A Study of Dreams, which concluded its sold-out limited run last weekend, was the latest immersive role-playing experience from Pseudonym Productions, who previously presented The Republic, When Shadows Fall and last Halloween's Catharsis. Creators Ricky Brigante and Sarah Elger applied the lessons they learned from their prior efforts to A Study of Dreams, creating a more personal and accessible offering.

"We wanted to continue the same level of unique interactivity and engagement that simply cannot be found with any other experience in Orlando," Elger told me afterwards, "while simultaneously breaking boundaries and taking people out of their comfort zones to see how far they are willing to push themselves for self-discovery and acceptance, masked under the guise of entertainment."

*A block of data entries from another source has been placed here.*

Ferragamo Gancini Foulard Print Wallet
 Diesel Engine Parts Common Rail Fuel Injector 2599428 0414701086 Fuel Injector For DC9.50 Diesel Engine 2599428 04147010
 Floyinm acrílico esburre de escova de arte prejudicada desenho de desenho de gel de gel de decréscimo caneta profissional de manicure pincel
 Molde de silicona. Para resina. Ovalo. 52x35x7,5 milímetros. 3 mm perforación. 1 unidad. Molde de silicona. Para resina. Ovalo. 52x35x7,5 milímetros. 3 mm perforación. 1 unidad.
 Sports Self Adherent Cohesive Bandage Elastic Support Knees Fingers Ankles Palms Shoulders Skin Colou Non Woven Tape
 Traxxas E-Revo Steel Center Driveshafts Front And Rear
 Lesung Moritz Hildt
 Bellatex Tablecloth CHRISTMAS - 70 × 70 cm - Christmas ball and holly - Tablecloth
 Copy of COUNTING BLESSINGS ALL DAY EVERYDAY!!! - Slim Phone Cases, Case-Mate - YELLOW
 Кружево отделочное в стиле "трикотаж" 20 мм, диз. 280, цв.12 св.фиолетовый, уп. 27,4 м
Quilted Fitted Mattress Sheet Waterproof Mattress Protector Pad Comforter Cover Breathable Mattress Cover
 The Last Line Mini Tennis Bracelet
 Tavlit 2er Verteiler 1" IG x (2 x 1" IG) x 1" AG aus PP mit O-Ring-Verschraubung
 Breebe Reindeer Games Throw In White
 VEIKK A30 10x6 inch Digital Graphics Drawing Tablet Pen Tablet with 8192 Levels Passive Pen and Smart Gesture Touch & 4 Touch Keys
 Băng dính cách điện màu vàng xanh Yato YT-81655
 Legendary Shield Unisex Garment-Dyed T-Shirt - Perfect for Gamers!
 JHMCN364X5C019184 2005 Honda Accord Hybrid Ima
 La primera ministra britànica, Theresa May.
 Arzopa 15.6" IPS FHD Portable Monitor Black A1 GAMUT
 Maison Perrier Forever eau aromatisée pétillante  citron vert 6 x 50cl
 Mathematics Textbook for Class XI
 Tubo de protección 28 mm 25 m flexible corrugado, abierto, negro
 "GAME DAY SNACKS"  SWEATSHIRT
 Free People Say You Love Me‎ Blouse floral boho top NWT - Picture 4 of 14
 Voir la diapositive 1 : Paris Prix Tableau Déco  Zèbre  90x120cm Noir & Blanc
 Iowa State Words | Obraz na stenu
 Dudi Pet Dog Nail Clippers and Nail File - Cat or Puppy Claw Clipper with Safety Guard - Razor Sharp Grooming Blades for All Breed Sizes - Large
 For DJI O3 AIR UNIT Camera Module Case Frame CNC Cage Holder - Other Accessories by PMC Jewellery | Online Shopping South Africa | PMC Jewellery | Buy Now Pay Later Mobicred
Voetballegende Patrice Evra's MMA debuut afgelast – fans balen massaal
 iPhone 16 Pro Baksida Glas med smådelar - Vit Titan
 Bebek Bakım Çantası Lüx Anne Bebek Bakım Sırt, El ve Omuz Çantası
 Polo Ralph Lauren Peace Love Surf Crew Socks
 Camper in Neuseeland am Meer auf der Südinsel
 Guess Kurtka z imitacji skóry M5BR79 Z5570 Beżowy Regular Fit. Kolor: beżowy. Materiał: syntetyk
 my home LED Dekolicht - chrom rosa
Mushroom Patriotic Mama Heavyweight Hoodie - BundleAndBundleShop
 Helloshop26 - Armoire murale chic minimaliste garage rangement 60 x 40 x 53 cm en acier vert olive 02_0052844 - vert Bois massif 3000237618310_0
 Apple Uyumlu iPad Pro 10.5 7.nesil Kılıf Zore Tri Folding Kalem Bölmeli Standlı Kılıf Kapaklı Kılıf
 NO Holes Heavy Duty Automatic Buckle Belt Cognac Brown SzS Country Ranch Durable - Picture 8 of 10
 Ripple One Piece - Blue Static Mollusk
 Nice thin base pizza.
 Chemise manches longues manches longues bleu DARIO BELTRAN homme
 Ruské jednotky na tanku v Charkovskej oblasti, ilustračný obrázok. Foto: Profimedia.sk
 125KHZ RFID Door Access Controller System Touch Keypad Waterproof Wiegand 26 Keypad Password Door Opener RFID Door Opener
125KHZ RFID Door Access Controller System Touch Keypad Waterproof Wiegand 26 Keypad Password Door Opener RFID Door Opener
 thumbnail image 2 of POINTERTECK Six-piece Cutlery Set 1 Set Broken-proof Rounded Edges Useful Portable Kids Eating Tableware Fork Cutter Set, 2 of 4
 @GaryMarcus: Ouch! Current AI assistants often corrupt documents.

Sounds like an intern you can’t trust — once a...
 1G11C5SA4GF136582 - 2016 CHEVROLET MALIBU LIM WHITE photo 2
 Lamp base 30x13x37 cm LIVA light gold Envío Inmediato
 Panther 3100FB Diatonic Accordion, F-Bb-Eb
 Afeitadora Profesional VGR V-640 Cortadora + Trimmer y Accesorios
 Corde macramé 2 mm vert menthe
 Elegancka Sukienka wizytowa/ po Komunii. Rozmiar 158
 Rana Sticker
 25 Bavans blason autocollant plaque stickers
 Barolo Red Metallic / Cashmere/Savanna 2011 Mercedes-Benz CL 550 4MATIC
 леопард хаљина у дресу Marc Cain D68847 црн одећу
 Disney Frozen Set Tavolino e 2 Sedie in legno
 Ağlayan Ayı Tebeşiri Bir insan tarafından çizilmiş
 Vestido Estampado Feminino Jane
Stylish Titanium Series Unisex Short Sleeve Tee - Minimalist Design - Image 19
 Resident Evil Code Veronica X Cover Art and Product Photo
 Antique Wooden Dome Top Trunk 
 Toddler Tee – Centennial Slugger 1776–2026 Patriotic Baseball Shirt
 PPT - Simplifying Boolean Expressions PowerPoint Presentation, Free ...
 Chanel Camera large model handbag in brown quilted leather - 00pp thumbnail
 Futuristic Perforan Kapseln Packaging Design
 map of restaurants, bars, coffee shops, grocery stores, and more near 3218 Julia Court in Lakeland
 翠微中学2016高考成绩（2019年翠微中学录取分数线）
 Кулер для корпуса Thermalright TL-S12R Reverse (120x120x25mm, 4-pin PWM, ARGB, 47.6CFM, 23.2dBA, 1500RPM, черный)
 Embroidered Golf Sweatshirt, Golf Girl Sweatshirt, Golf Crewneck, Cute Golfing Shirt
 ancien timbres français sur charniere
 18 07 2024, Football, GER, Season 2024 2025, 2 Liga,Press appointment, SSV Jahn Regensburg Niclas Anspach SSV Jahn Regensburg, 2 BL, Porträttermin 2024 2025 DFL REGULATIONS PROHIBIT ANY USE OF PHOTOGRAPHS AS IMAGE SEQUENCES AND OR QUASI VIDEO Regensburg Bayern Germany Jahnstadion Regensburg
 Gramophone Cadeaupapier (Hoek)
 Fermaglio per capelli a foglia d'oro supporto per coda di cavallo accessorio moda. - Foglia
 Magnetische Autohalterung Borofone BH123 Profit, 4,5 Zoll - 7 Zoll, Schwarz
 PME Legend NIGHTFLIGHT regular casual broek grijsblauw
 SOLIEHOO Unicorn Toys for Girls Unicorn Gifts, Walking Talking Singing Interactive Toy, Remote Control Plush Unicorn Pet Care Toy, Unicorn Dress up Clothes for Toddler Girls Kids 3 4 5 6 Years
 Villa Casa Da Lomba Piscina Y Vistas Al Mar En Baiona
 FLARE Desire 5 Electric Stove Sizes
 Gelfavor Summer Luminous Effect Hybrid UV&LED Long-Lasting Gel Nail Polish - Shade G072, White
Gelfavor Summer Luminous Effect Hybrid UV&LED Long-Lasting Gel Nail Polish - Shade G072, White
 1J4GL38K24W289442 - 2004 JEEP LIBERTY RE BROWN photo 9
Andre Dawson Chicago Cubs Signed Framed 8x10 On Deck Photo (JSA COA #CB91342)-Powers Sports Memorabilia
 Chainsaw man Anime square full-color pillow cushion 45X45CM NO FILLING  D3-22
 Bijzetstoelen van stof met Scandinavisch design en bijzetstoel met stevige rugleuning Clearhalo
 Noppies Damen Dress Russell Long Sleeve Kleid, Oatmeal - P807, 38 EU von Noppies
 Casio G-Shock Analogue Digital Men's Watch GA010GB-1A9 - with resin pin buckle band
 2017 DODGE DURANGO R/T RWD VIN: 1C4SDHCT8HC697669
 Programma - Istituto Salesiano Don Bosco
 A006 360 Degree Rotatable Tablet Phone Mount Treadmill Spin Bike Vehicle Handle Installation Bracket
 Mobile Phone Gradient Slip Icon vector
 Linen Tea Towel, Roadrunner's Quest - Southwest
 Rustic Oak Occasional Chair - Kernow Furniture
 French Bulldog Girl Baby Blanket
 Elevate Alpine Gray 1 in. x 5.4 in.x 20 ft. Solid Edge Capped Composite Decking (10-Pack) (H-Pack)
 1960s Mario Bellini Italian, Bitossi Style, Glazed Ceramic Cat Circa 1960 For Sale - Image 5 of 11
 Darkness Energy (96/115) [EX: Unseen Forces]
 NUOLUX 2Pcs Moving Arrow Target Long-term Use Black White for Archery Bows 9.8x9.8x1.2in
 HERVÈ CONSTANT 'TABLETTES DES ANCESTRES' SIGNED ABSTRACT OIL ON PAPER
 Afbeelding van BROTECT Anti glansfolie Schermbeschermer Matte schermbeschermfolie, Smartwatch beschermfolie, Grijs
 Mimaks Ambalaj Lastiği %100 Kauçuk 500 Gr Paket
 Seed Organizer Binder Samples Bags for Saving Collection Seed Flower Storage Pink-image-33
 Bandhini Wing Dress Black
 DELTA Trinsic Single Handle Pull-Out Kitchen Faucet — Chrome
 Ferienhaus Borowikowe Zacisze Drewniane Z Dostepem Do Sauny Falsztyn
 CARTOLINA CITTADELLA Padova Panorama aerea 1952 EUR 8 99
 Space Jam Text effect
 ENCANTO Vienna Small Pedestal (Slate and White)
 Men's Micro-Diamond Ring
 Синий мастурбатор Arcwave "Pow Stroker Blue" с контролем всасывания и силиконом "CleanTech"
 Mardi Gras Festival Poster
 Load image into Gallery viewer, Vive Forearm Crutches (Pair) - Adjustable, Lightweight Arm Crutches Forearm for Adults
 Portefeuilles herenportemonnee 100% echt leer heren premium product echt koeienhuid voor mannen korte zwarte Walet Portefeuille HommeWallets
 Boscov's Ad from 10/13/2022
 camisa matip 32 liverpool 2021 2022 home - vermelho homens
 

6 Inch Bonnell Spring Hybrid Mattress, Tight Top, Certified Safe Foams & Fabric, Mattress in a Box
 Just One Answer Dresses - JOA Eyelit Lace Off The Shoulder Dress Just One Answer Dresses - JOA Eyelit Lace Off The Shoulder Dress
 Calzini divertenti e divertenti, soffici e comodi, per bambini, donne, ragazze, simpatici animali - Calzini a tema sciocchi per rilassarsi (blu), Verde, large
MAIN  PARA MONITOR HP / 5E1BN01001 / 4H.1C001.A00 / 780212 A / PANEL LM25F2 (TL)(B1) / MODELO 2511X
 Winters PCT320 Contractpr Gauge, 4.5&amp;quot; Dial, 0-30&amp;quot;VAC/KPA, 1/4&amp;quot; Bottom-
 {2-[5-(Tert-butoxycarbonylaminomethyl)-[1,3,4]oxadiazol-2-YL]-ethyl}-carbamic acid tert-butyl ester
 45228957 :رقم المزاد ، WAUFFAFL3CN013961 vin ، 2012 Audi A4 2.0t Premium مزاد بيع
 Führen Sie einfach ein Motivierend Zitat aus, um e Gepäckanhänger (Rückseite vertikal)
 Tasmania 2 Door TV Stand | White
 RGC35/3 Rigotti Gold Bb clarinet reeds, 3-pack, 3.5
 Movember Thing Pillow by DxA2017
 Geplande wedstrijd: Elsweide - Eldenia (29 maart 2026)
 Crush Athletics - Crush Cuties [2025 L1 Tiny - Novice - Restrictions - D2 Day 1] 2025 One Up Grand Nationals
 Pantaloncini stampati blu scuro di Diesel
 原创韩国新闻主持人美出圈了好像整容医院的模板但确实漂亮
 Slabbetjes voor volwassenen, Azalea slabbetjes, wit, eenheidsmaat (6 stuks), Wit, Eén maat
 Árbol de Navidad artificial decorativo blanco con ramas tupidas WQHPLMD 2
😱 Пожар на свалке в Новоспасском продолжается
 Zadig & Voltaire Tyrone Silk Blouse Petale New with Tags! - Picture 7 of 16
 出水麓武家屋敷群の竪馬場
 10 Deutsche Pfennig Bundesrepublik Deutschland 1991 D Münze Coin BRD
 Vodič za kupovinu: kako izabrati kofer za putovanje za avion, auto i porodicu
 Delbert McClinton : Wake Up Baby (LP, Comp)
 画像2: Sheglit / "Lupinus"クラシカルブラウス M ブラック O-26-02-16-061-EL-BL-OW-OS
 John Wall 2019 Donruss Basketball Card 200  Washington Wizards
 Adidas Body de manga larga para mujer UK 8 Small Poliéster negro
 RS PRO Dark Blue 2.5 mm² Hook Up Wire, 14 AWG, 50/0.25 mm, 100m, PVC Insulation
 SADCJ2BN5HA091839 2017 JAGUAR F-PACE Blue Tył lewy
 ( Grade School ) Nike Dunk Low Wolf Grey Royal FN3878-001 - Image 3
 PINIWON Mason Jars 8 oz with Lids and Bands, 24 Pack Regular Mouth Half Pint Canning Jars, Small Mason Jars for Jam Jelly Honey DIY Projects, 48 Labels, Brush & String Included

To that end, their latest show dispensed with the elaborate pseudo-Platonic backstory that underpinned their earlier shows, in favor of a new storyline inspired by Dr. Frederik van Eeden, a real-life contemporary of Freud who coined the term "lucid dreaming." Pseudonym also abandoned the humid industrial warehouses they formerly occupied, and instead set up shop inside an undisclosed Thornton Park residence, which was transformed with black sheets and fog machines into a low-tech limbo. After signing a legal release and learning the emergency "safe word," players were shuttled to the venue blindfolded and fed a foul-tasting "tincture" before being led into the "dream realm," where a series of scripted scenes played out around them in a lounge-like environment.

Most of my 90-plus-minute visit was spent sucking back baby bottles of beer fed to me by Tabitha (Elger), the sardonic bartender who knows everyone's secrets.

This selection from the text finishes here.